### ABOUT THIS TASK
The exact lines of the listing, from its first through the line that contains "Hotel Deville Prime Porto Alegre", are to make up the answer, and pictures are to be left out.

### RECORDS TO USE
_ _ _ _

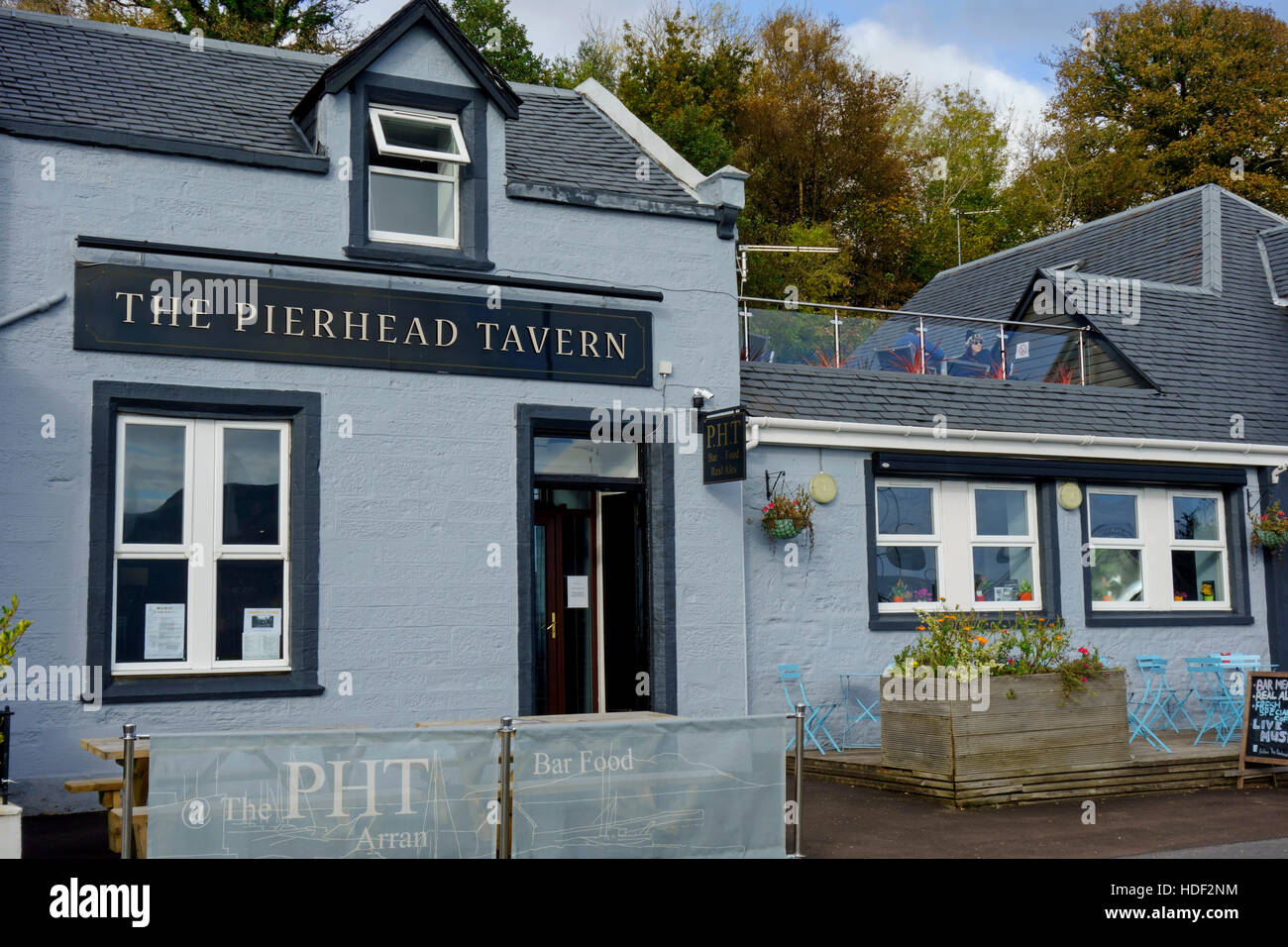 La Taverna Pierhead in Lamlash sull'isola di Arran, Scozia. Foto Stock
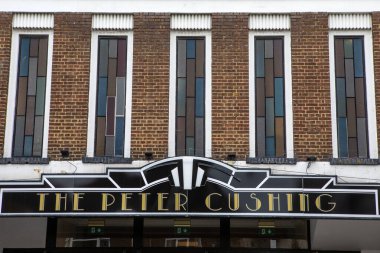 Kent, İngiltere - 5 Mayıs 2024: Kent, İngiltere 'deki Whitstable kasabasındaki Peter Cushing halk evinin dışı.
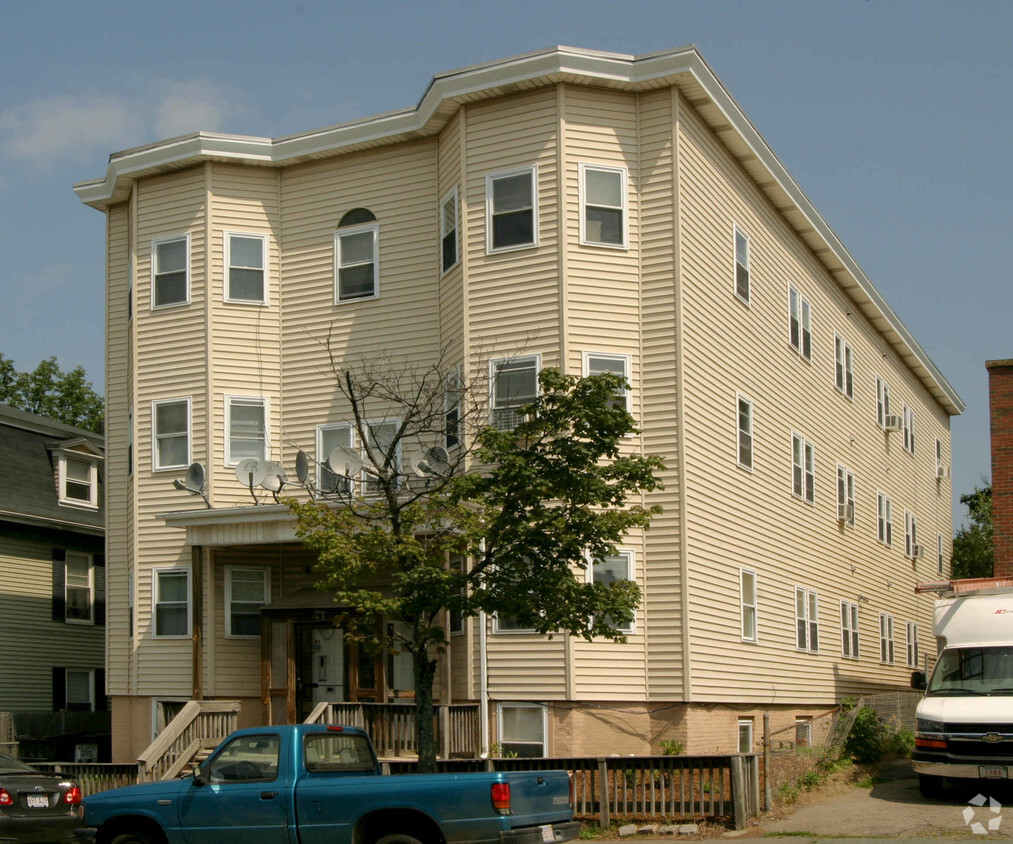 Primary Photo - 41 Elliott St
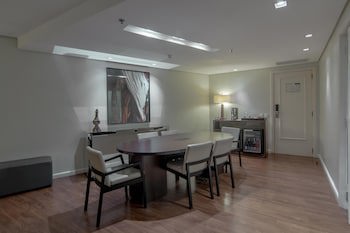 Hotel Deville Prime Porto Alegre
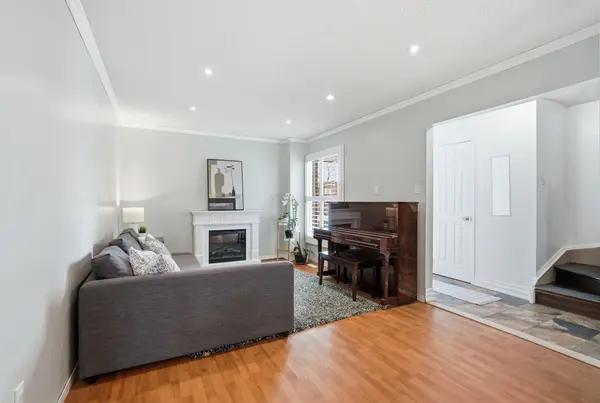 26 Laurel Valley CT, Vaughan, ON L4K 2B3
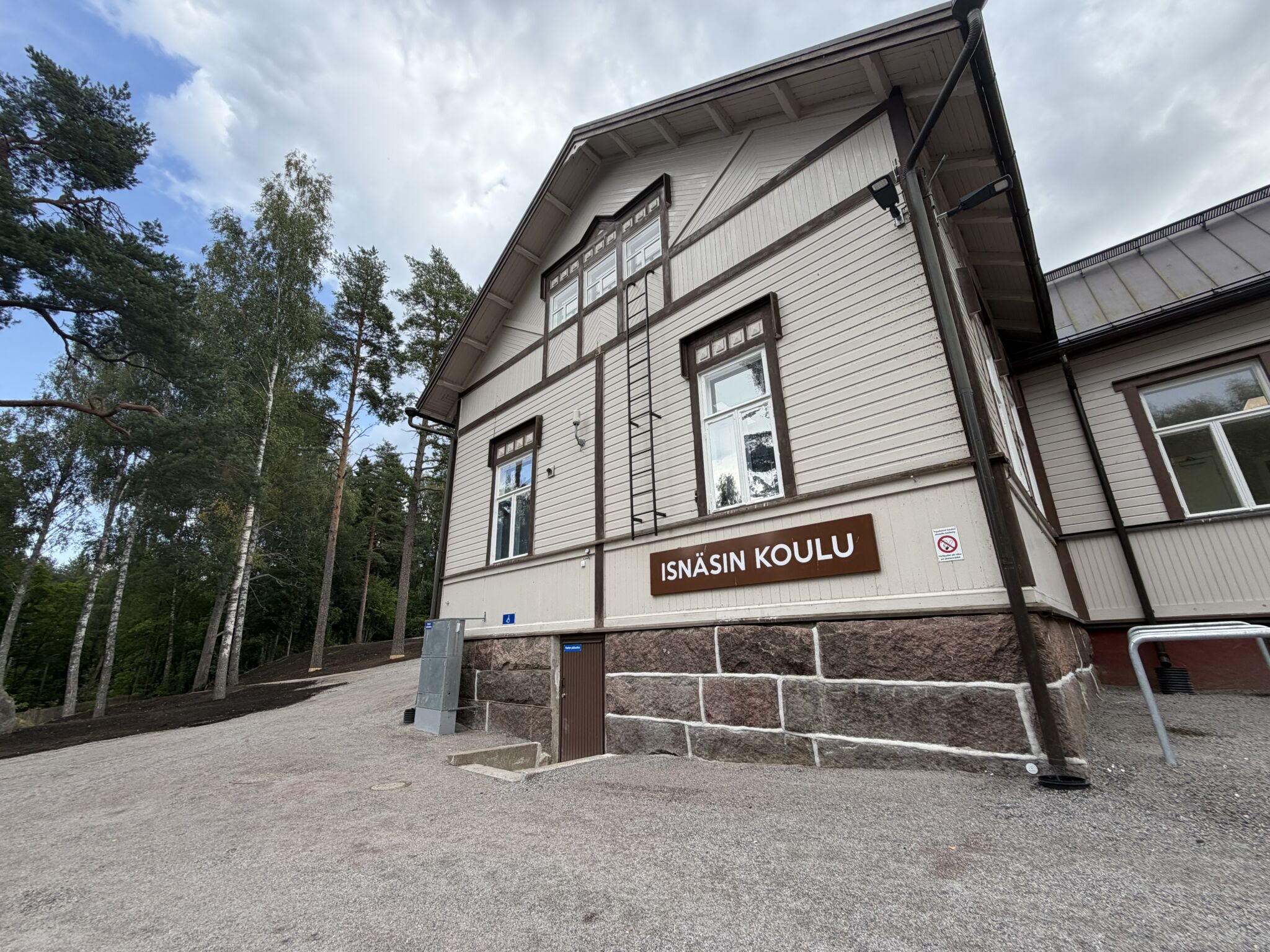 Isnäsin remontoidun puukoulun vaalea seinä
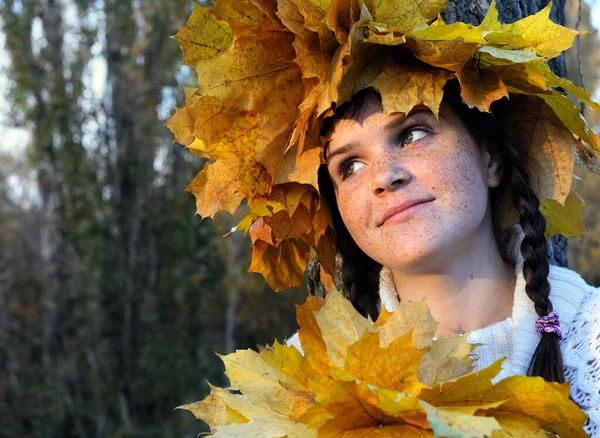 Portret Piegowatej Nastolatki Jesiennym Parku Wieczorem — Zdjęcie stockowe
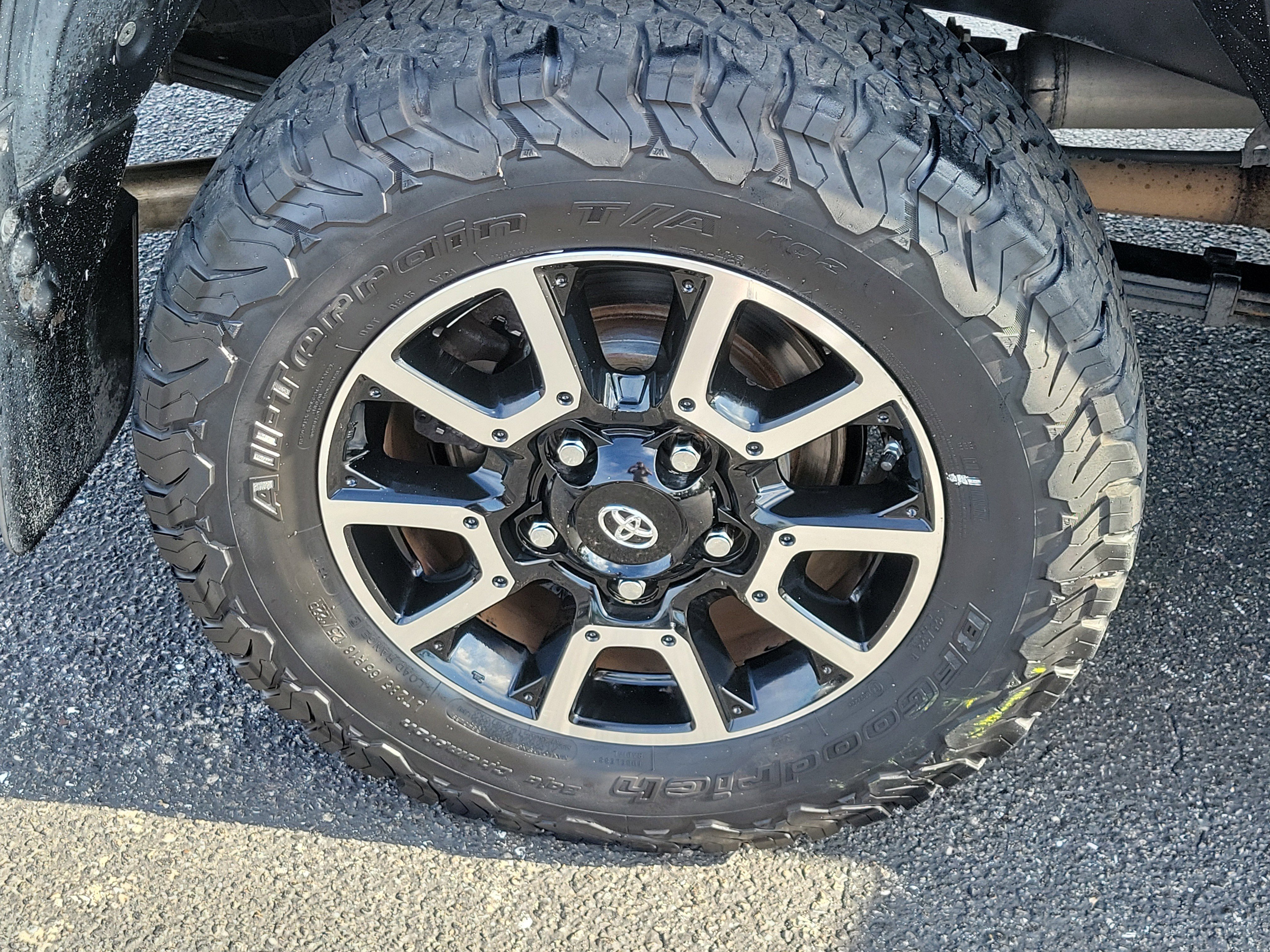 Used 2014 Toyota Tundra SR5 w/ TRD Off Road Package RWD image 10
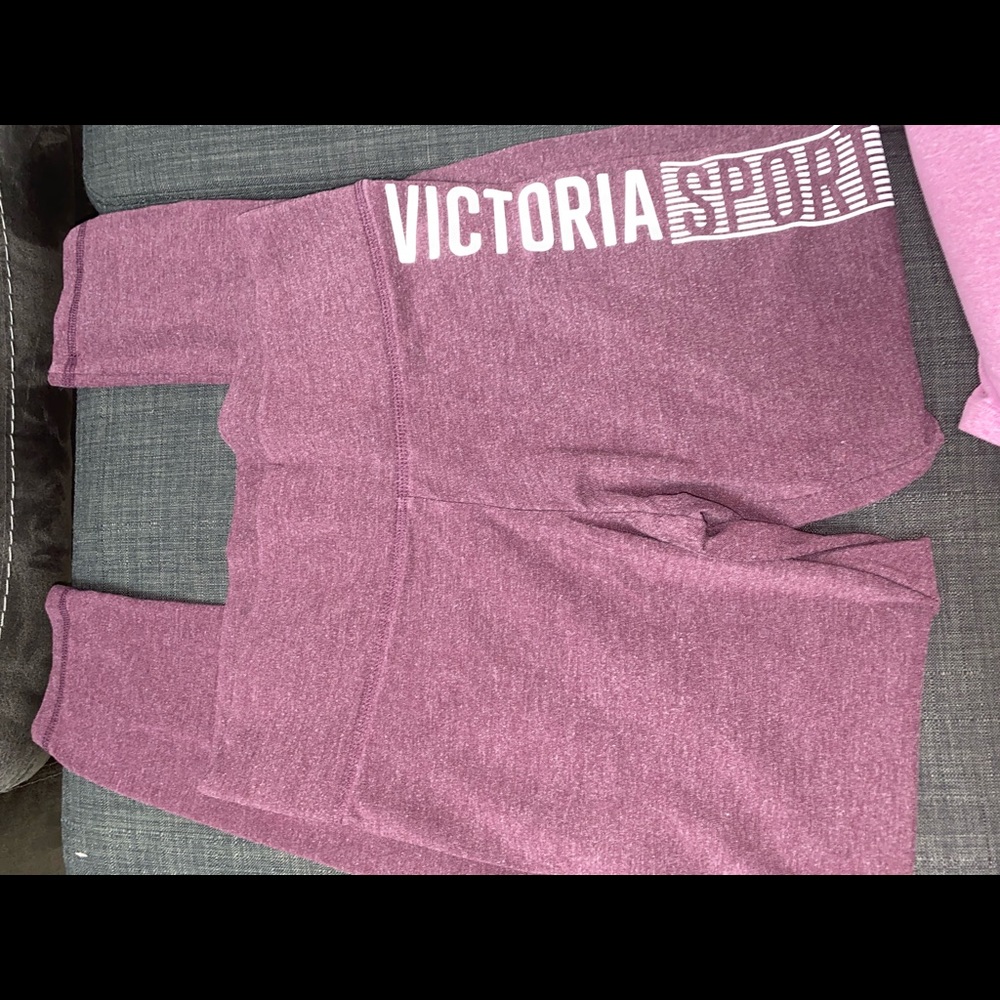 Victoria Secret leggings - Picture 2 of 3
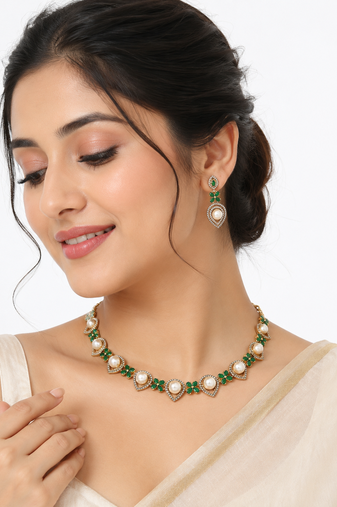 Certified natural freshwater pearls jewellery pearl drop and crystal choker necklace set with earrings, gold-tone.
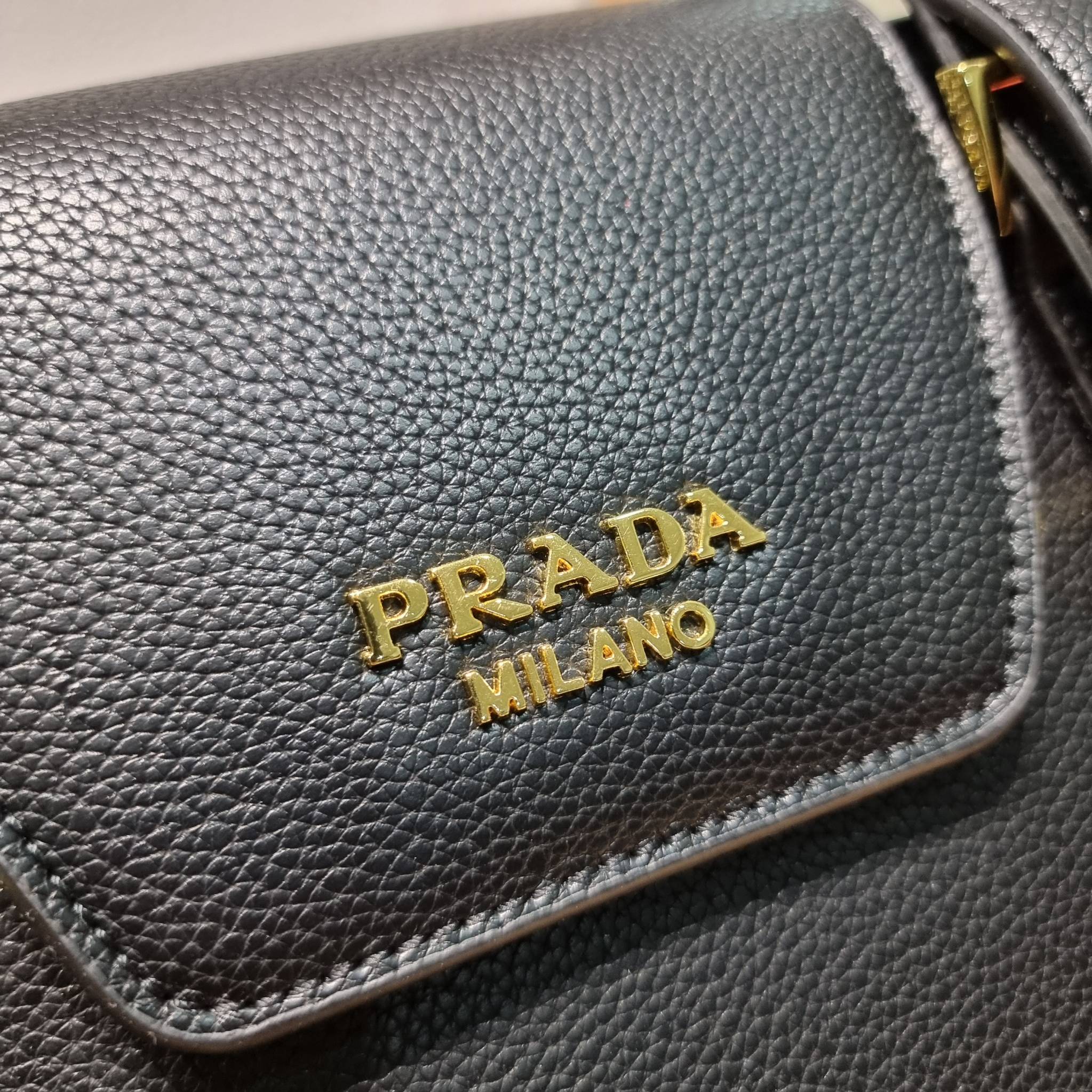 PRADA Saffiano leather bag / Prada leather bag กระเป๋าถือ/สะพายล่าสุด ที่ดีไซน์เรียบหรู สวยคมชัด เต็มไปด้วยดีเทลน่าใช้ สายคล้องไหล่ที่สามารถถอดออกได้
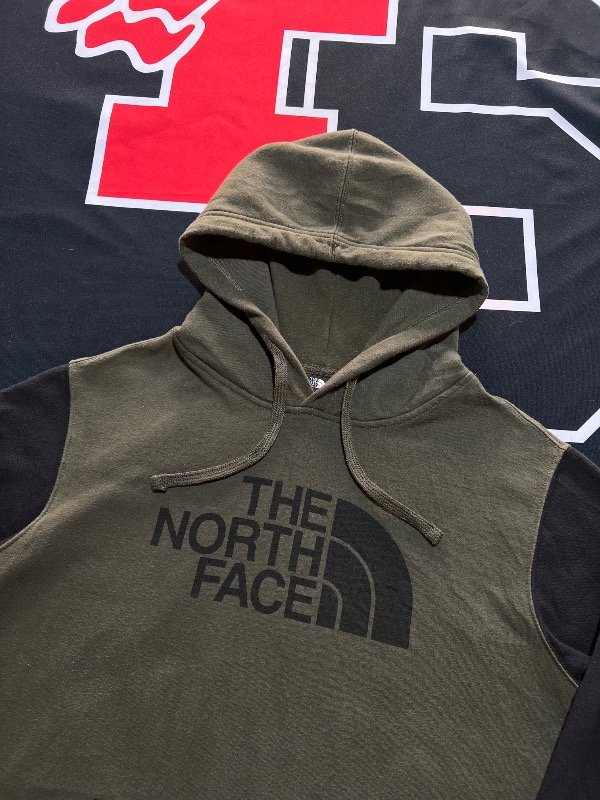 Producto - Buzo The North Face bicolor. Talle M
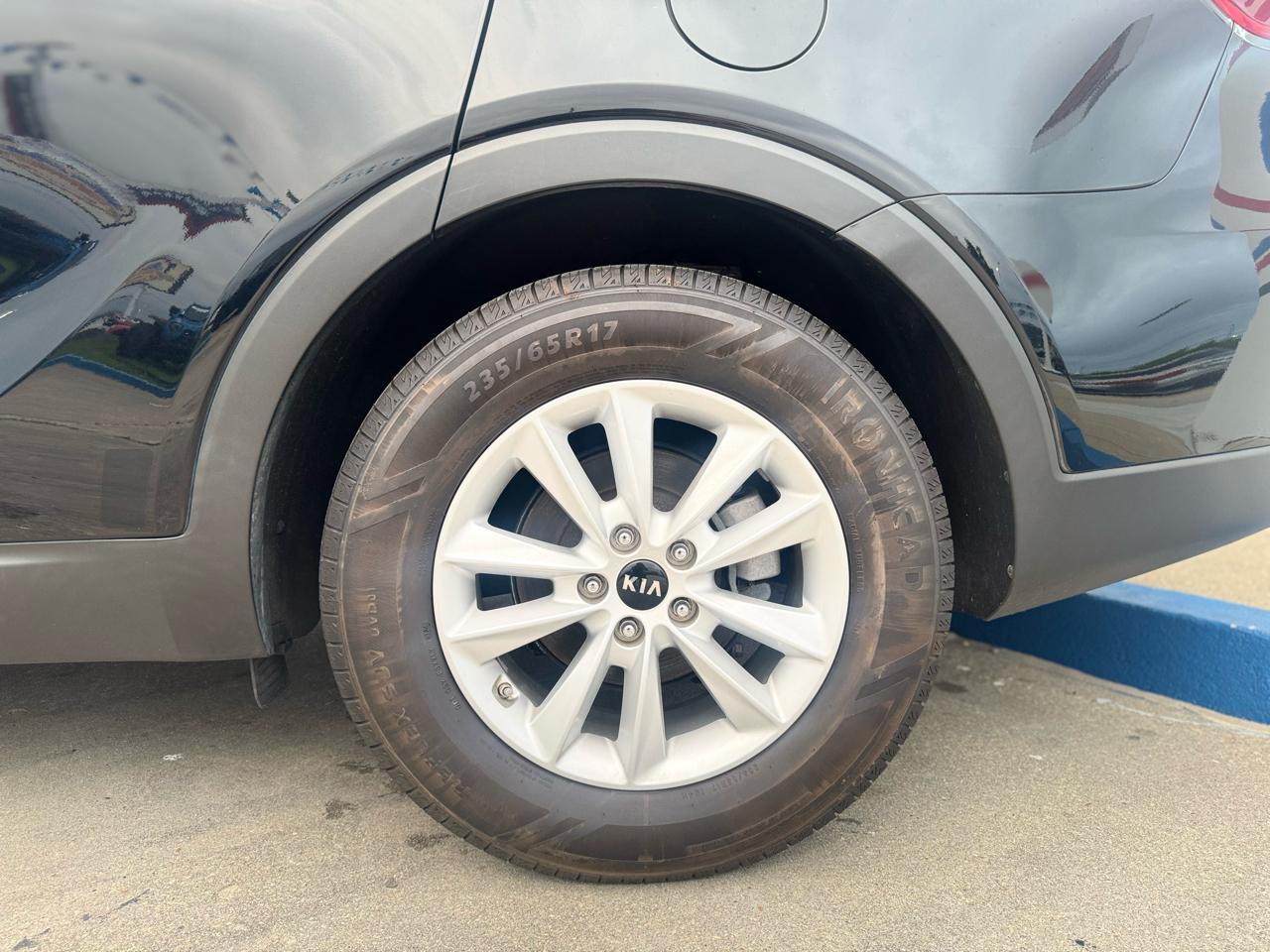 Kia Sorento LX 2WD 2019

_ _ _ _

### EXERCISE OUTPUT
 La Taverna Pierhead in Lamlash sull'isola di Arran, Scozia. Foto Stock
 Kent, İngiltere - 5 Mayıs 2024: Kent, İngiltere 'deki Whitstable kasabasındaki Peter Cushing halk evinin dışı.
 Primary Photo - 41 Elliott St
 Hotel Deville Prime Porto Alegre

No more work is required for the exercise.